# The data
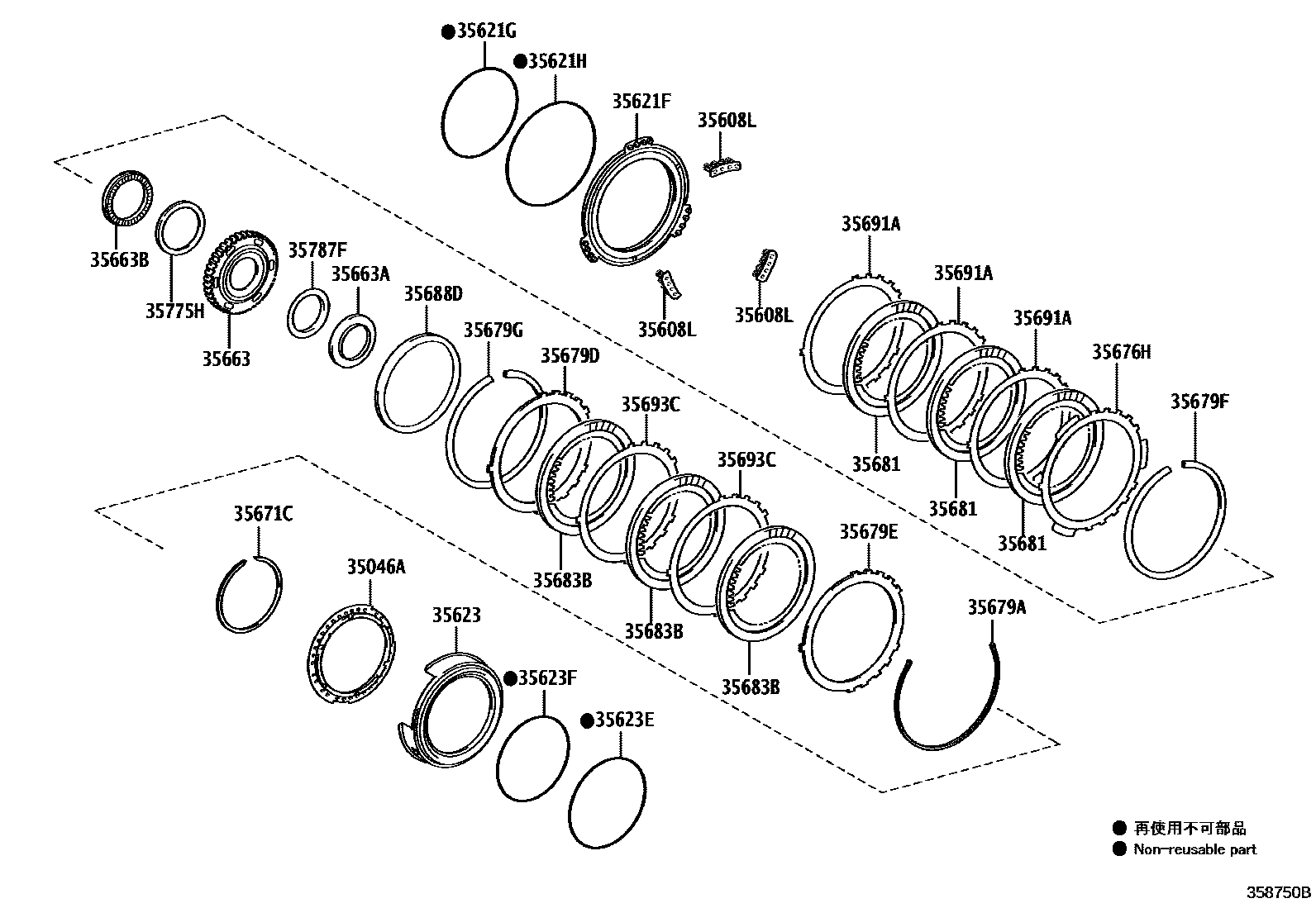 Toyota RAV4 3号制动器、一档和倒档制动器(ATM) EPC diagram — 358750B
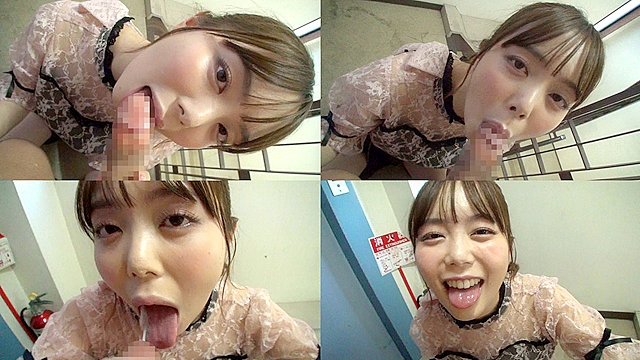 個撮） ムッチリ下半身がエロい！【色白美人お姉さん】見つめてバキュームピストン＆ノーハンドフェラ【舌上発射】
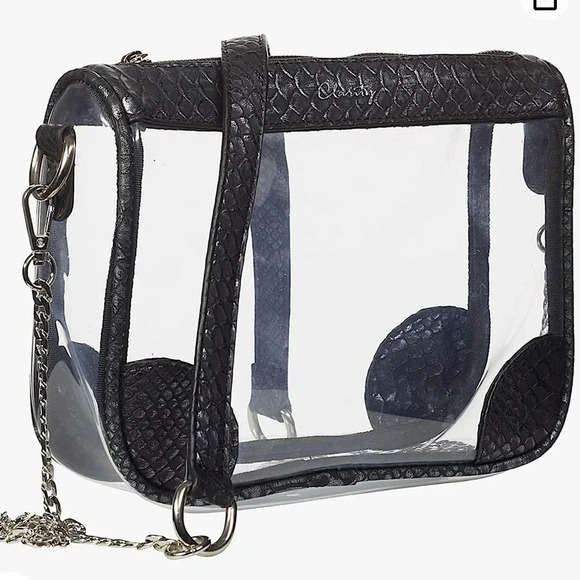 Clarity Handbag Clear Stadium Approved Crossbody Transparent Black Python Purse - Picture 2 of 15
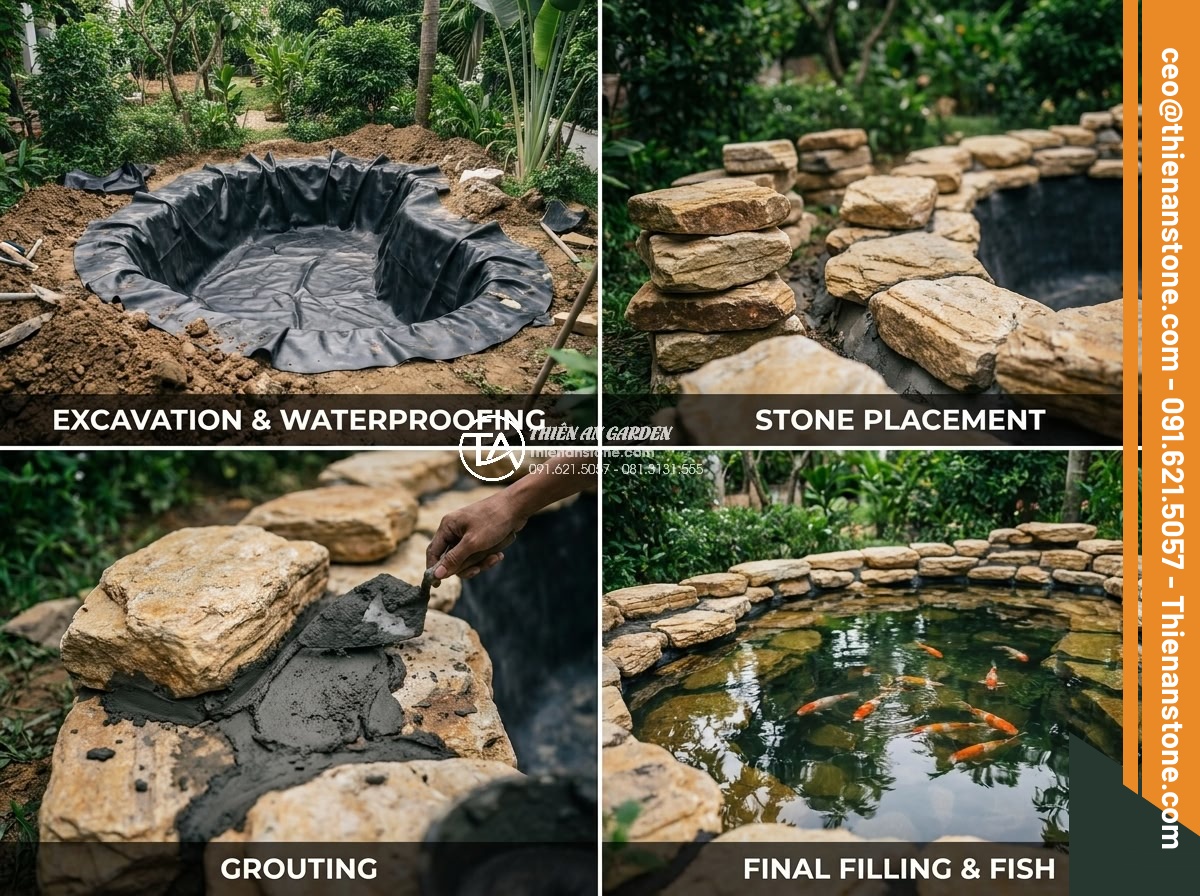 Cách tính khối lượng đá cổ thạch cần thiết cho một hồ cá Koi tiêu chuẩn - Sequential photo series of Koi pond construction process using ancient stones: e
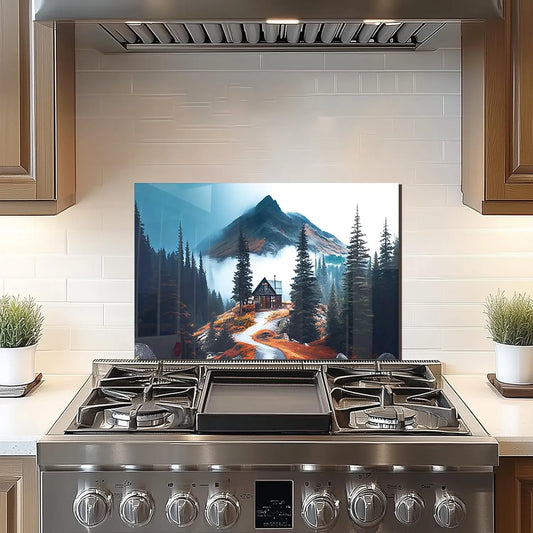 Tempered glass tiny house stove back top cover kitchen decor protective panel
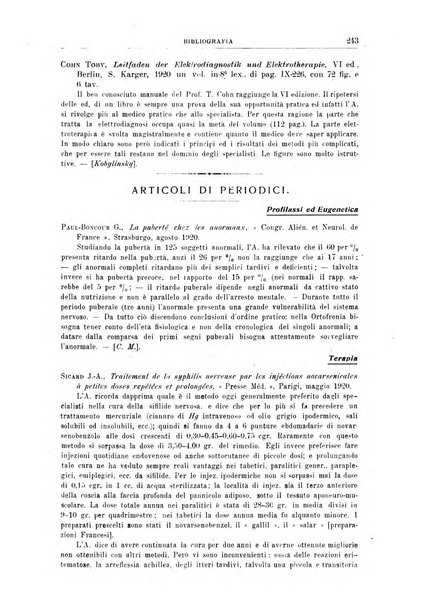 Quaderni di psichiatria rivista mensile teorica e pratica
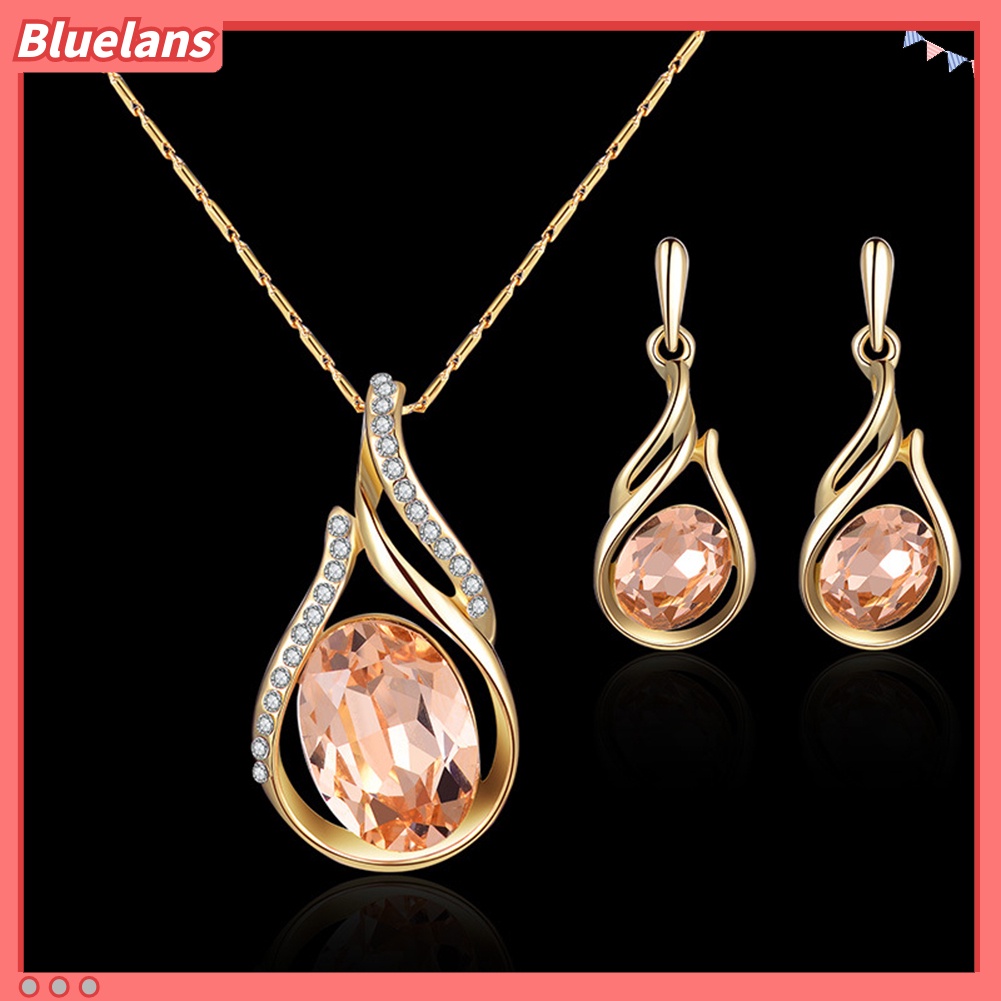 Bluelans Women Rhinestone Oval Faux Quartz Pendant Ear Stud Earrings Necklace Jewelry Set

# Instructions to follow
Take the line containing "Quaderni di psichiatria" and every line after it up to the end of the data, and write them out exactly, without the pictures.

# Solution to the problem
 Quaderni di psichiatria rivista mensile teorica e pratica
 Bluelans Women Rhinestone Oval Faux Quartz Pendant Ear Stud Earrings Necklace Jewelry Set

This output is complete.